My concern was not only increasing fees in this economy, it was also the process. I'm running out the door now, but will hopefully find some time this weekend to give some more background on my "process" concern.
Thursday, October 14, 2010
My 2009 Council opponent, Peter Talbot, was appointed to fill the Board of Education vacancy created by Peter Massey's resignation. I congratulate Peter Talbot on his appointment and thank Peter Massey for his service.
I prefer seeing Mr. Talbot on the BOE, at least moreso than on the Council. If he were on the Council he'd need to recuse himself from voting on the budget of the Town Manager's office. And that's a budget that needs as many votes as possible to reduce the unnecessary spending there.
Btw, when I first heard of Peter Massey's resignation I incorrectly believed that the BOE would appoint a member. But based on a discussion with David Schrumm and Jimmy Sima, I now understand that the 1996 Charter revision included a change in the body that appoints BOE members. Previously, the BOE appointed its own. Now the Council fills all elected vacancies, including the BOE.
Wednesday, October 13, 2010
As I mentioned yesterday, I'll be resigning from the Town Council. Here's the five minute vid of me making my announcement... I got a bit choked up near the end... not the easiest thing to do:
And the local newspapers had some online coverage today, including the MRJs Jesse Buchanan and the WRAs Lauresha Xhihani writing:
During his seven years in the council, White has represented the fourth district and is known for walking his district year-round and talking to residents. Independent minded, White often broke ranks with his own party on issues.
The NHR reports:
Support for Connecticut's death penalty has reached its highest point in more than a decade, and even some who generally oppose capital punishment say it's appropriate for a man convicted in the 2007 deadly Cheshire home invasion, according to a new poll.

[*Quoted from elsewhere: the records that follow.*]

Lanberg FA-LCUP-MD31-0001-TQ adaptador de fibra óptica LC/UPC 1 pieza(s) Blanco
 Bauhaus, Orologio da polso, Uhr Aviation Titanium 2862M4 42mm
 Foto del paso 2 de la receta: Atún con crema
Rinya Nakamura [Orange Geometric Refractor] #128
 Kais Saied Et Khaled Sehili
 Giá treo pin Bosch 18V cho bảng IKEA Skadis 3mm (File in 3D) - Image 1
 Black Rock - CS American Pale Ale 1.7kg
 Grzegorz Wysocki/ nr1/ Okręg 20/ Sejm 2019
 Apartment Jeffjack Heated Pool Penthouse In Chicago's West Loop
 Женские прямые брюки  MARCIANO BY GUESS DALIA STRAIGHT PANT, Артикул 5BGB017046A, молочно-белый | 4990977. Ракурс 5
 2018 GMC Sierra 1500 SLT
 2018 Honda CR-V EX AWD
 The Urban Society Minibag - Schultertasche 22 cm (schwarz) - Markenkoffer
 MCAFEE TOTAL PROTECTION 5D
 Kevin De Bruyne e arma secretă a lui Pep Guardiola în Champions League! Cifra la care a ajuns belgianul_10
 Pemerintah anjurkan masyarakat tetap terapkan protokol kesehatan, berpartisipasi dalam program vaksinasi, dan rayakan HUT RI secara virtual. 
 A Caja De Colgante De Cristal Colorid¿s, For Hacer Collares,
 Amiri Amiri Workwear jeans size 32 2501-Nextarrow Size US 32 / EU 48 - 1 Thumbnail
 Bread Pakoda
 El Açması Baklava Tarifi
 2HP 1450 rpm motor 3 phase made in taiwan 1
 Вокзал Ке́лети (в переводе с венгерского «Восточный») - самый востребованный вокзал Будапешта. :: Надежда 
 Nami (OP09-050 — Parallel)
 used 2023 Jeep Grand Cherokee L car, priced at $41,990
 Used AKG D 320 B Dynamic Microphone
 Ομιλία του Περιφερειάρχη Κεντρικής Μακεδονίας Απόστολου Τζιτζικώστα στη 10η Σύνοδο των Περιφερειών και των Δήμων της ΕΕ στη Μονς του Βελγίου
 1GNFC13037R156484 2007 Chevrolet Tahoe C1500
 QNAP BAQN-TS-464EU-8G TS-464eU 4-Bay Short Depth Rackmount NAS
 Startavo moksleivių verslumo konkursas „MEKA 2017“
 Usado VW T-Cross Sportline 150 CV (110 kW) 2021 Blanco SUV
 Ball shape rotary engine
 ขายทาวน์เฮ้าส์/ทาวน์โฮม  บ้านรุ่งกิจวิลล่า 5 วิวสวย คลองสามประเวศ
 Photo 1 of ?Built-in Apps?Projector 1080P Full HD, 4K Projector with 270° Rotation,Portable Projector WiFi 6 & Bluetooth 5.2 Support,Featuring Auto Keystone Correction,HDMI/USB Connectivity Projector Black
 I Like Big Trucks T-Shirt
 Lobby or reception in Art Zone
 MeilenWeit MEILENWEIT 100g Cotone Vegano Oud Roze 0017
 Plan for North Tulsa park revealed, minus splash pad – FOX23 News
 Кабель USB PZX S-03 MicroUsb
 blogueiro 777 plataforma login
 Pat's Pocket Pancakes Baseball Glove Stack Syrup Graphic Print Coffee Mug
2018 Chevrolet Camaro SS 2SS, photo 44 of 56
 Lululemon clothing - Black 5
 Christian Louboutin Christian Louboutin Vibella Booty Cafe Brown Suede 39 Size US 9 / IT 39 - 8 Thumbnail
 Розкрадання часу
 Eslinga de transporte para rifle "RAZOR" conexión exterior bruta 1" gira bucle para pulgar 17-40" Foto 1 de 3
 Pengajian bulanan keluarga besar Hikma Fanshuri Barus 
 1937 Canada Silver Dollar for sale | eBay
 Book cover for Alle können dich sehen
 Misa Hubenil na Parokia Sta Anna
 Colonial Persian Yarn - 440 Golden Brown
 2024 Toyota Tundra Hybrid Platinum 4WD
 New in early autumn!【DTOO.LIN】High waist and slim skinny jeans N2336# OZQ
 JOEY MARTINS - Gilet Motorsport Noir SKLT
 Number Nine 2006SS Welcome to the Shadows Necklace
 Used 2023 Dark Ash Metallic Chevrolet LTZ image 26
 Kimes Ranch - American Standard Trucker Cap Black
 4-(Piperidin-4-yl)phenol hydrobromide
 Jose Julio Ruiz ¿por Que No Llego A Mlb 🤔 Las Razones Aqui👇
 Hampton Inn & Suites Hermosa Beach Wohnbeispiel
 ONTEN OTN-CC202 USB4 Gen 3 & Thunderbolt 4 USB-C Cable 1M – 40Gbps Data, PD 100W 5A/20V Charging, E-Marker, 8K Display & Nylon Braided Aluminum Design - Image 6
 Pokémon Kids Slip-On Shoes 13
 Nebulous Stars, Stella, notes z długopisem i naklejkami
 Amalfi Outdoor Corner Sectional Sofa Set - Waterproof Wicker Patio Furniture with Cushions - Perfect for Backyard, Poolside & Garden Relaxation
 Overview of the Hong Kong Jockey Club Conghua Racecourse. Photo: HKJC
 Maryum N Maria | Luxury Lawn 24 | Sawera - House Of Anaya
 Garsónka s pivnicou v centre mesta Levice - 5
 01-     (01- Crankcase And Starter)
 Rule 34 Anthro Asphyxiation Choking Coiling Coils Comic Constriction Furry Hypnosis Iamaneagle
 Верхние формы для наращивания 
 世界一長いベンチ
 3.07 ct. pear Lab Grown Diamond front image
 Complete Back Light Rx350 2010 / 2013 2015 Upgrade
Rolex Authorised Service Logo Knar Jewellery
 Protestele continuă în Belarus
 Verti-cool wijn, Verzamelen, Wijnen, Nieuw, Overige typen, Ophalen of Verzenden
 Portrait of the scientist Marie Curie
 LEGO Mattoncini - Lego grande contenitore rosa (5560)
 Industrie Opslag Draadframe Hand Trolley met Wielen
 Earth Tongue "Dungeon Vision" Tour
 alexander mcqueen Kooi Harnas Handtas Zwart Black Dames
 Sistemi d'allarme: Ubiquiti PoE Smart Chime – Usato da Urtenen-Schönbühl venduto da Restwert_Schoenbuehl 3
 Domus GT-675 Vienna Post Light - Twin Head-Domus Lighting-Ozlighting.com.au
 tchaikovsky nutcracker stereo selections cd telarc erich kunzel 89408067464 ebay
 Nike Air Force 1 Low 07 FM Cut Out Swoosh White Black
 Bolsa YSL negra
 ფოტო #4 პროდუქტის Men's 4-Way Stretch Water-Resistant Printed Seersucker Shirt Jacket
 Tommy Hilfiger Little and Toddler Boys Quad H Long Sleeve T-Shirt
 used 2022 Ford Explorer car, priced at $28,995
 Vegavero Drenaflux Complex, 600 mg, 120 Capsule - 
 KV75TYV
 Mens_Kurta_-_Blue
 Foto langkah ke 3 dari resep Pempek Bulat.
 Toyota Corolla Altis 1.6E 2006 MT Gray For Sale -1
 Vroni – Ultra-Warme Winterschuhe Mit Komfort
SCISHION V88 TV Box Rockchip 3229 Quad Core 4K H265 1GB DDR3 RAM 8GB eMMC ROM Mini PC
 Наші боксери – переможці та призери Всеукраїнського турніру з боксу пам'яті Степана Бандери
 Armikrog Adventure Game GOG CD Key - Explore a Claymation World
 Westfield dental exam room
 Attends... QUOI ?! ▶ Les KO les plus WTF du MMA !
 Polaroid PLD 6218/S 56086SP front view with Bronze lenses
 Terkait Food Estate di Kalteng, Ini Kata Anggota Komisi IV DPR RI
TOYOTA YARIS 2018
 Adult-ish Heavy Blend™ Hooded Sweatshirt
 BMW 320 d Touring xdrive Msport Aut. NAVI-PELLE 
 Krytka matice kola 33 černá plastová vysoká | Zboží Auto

Quinnipiac University's poll, released Wednesday, found 65 percent of those surveyed support the death penalty. That's up from 61 percent two years ago, and the highest number since the year 2000.
I certainly hope that state Rep. Vickie Nardello doesn't continue introducing legislation to repeal the death penalty retroactively. I think the death penalty is entirely appropriate for these two predators.
Tuesday, October 12, 2010
I’d like to announce tonight that I’m resigning from the Town Council, effective October 24.
I am resigning from the Council because I have accepted a position as the Director of Administration and Finance for the Haitian Health Foundation. HHF is headquartered in Norwich, CT, but I will be living and working in Haiti for the next year or two.
Having just spent time in Haiti,* one of the poorest nations in the world, I was again reminded of my appreciation for America’s freedoms and material abundance that we so often take for granted.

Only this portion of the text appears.